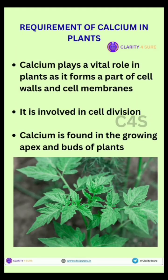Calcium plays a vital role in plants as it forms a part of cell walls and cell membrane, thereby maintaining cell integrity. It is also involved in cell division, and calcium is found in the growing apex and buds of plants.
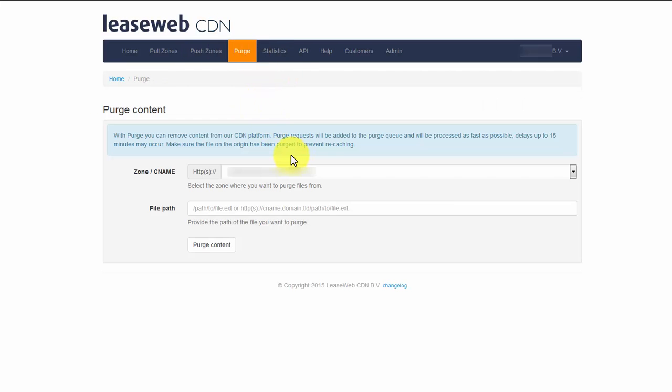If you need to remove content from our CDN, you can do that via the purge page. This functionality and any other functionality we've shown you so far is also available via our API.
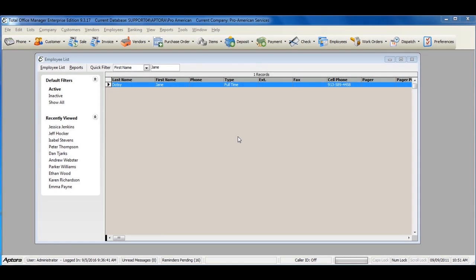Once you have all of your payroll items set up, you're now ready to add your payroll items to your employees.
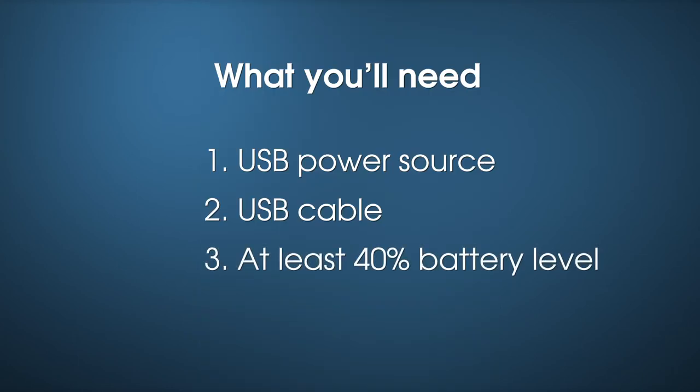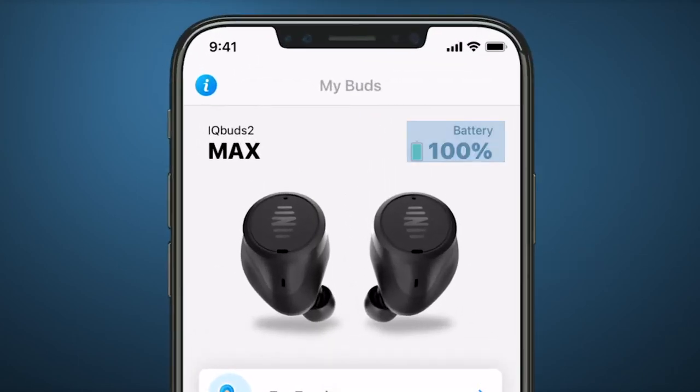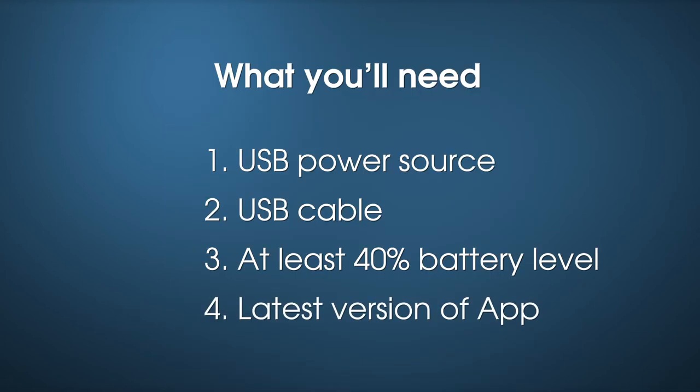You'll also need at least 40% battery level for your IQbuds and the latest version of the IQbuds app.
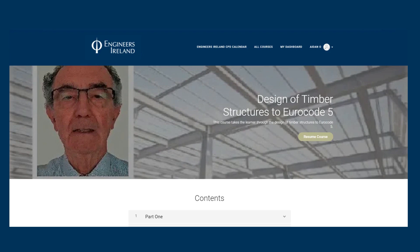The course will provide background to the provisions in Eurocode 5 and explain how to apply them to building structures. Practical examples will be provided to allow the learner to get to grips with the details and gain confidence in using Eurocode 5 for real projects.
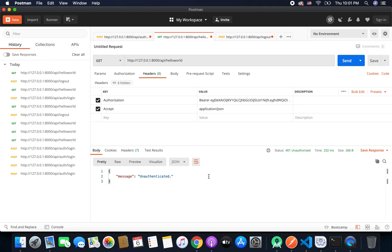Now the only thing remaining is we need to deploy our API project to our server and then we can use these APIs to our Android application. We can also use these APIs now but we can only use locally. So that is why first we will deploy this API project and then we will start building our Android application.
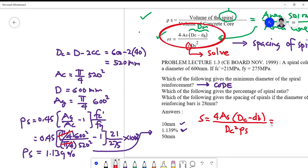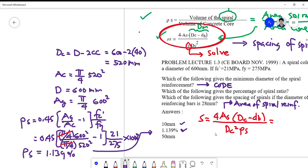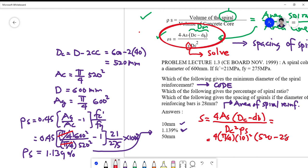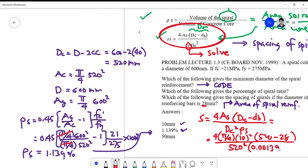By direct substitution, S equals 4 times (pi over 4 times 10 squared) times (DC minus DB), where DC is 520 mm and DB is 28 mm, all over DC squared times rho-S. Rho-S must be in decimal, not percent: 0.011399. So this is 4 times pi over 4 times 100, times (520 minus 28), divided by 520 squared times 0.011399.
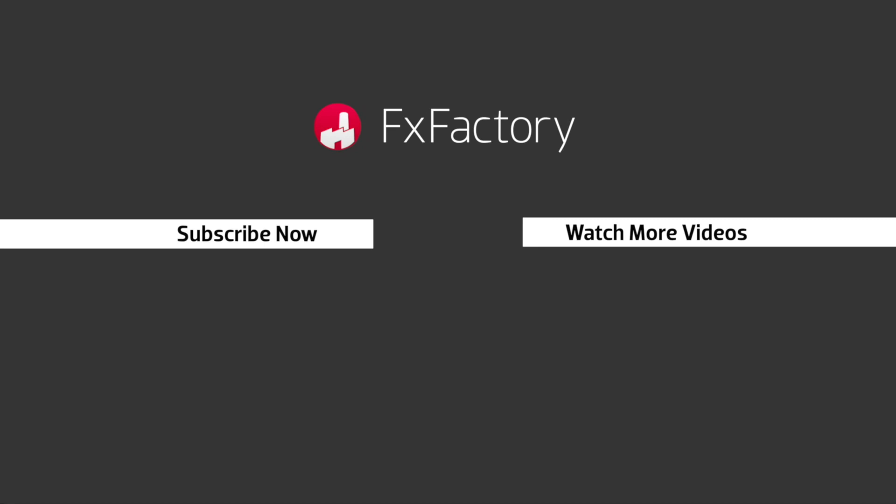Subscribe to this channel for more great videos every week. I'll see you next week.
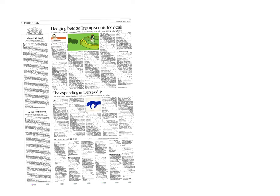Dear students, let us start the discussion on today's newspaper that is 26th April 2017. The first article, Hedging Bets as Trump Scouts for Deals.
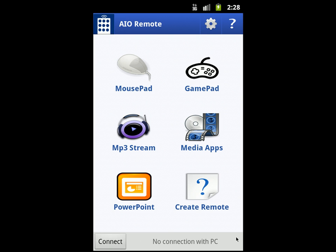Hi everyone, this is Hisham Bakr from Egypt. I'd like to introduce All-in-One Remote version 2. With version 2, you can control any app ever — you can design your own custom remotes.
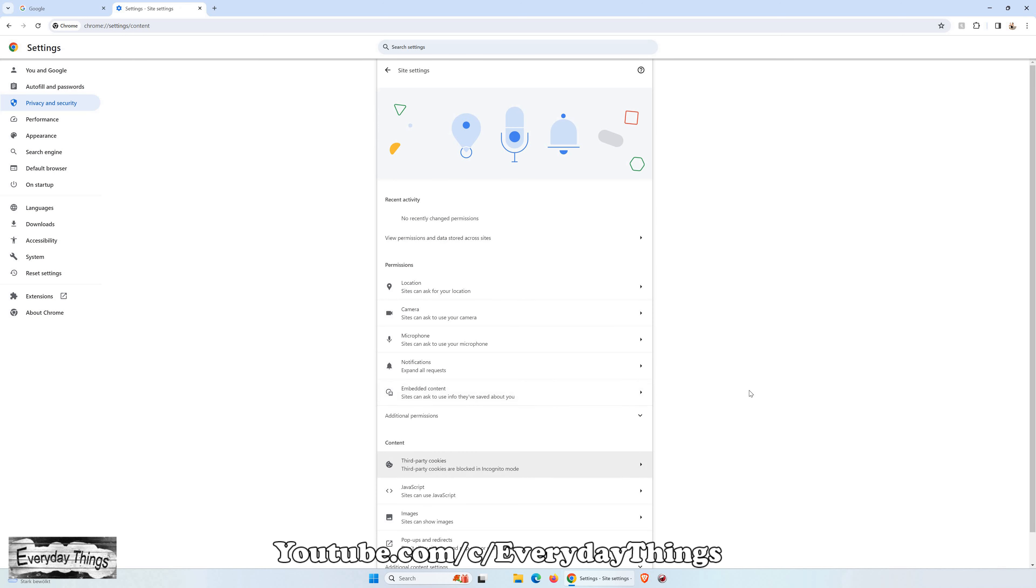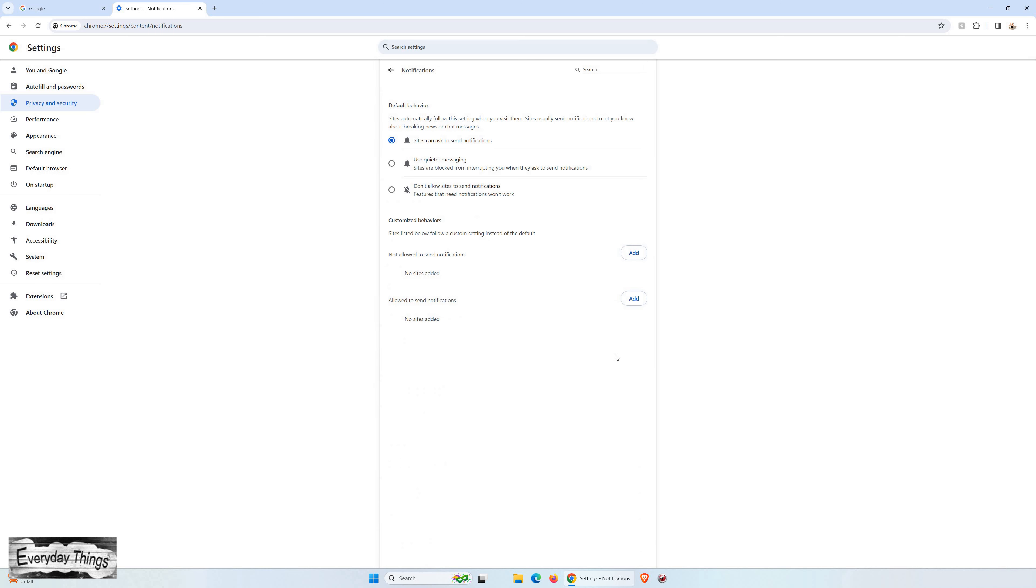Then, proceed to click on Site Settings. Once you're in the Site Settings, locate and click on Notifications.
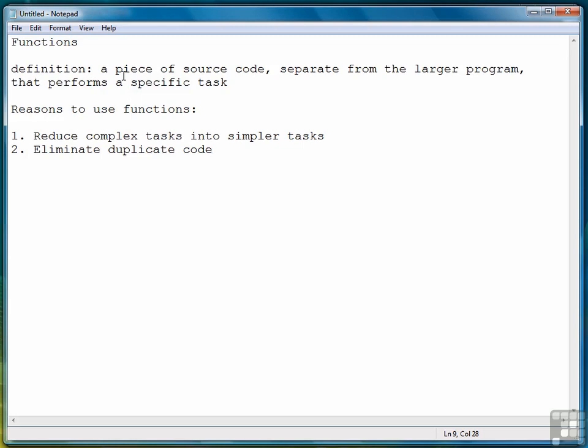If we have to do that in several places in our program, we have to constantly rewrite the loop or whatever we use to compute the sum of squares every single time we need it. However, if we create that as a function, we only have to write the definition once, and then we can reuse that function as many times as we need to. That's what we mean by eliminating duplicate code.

——————————

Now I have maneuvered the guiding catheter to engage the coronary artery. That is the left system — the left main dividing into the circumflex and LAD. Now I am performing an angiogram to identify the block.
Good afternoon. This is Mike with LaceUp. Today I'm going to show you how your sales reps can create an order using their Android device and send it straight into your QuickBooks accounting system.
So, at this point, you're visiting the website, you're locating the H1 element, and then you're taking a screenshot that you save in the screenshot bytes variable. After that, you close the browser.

——————————

Would you print exactly the lines in the listing above, from the line bearing "You'll also need" through the line bearing "By direct substitution, S", leaving out all pictures?

Final answer:
You'll also need at least 40% battery level for your IQbuds and the latest version of the IQbuds app.
The course will provide background to the provisions in Eurocode 5 and explain how to apply them to building structures. Practical examples will be provided to allow the learner to get to grips with the details and gain confidence in using Eurocode 5 for real projects.
Now the only thing remaining is we need to deploy our API project to our server and then we can use these APIs to our Android application. We can also use these APIs now but we can only use locally. So that is why first we will deploy this API project and then we will start building our Android application.
By direct substitution, S equals 4 times (pi over 4 times 10 squared) times (DC minus DB), where DC is 520 mm and DB is 28 mm, all over DC squared times rho-S. Rho-S must be in decimal, not percent: 0.011399. So this is 4 times pi over 4 times 100, times (520 minus 28), divided by 520 squared times 0.011399.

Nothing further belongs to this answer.